-- Task requirements --
Your task is to transcribe all of the data below exactly, omitting the images.

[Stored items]
────────────────
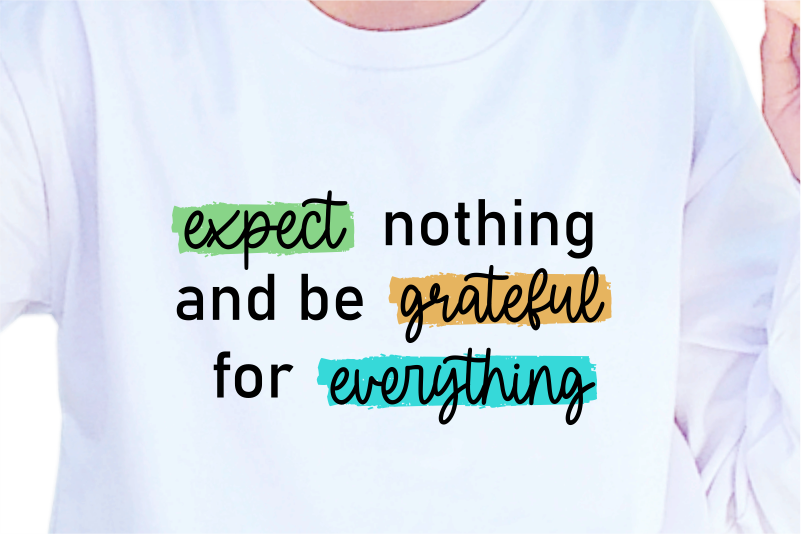 Expect Nothing And Be Grateful For Everything, Slogan Quotes T shirt Design Graphic Vector, Inspirational and Motivational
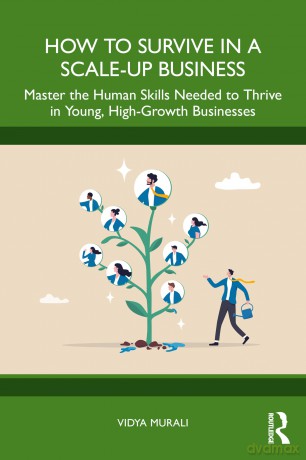 How to Survive in a Scale-Up Business: Master the Human Skills Needed to Thrive in Young, High-Growth Businesses - Vidya Murali [KSIĄŻKA]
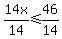 14x%2F14%3C=46%2F14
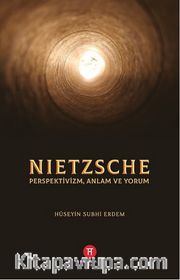 Nietzsche <br /> Perspektivizm, Anlam ve Yorum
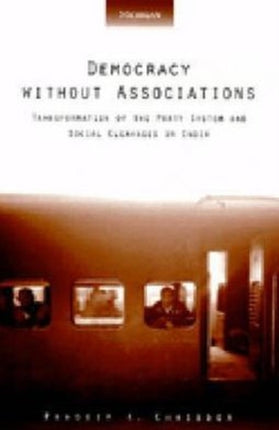 Democracy without Associations  Transformation of the Party System and Social Cleavages in India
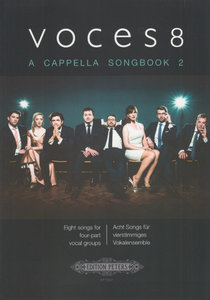 Voces 8 - A Cappella Songbook 2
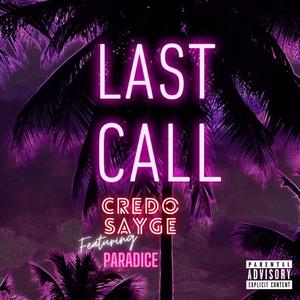 Last Call (feat. Paradice) (Explicit)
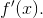 f{}'(x).
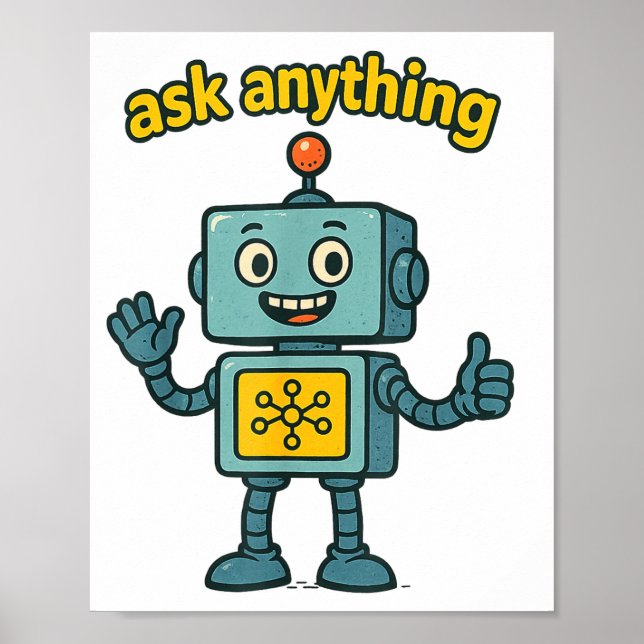 Póster Funny Ai Robot With Ask Anything Quote _ Geek Tee  (Frente)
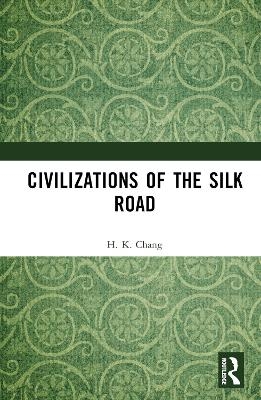 Civilizations of the Silk Road - H. K. Chang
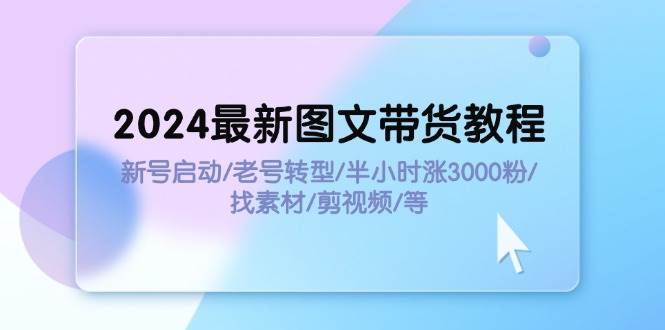 2024最新图文带货教程：新号启动/老号转型/半小时涨3000粉/找素材/剪辑-布丁源码-专业的网站源码代码分享平台!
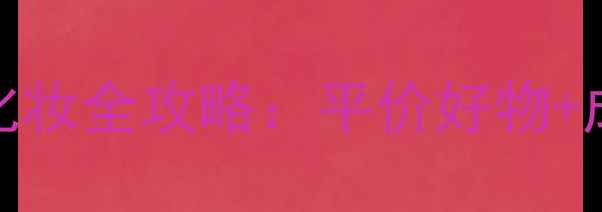 图片 25岁女生必看！日本护肤+化妆全攻略：平价好物+成分，轻松打造伪素颜妆容1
────────────────
-- Your response --
 Expect Nothing And Be Grateful For Everything, Slogan Quotes T shirt Design Graphic Vector, Inspirational and Motivational
 How to Survive in a Scale-Up Business: Master the Human Skills Needed to Thrive in Young, High-Growth Businesses - Vidya Murali [KSIĄŻKA]
 14x%2F14%3C=46%2F14
 Nietzsche <br /> Perspektivizm, Anlam ve Yorum
 Democracy without Associations  Transformation of the Party System and Social Cleavages in India
 Voces 8 - A Cappella Songbook 2
 Last Call (feat. Paradice) (Explicit)
 f{}'(x).
 Póster Funny Ai Robot With Ask Anything Quote _ Geek Tee  (Frente)
 Civilizations of the Silk Road - H. K. Chang
 2024最新图文带货教程：新号启动/老号转型/半小时涨3000粉/找素材/剪辑-布丁源码-专业的网站源码代码分享平台!
 图片 25岁女生必看！日本护肤+化妆全攻略：平价好物+成分，轻松打造伪素颜妆容1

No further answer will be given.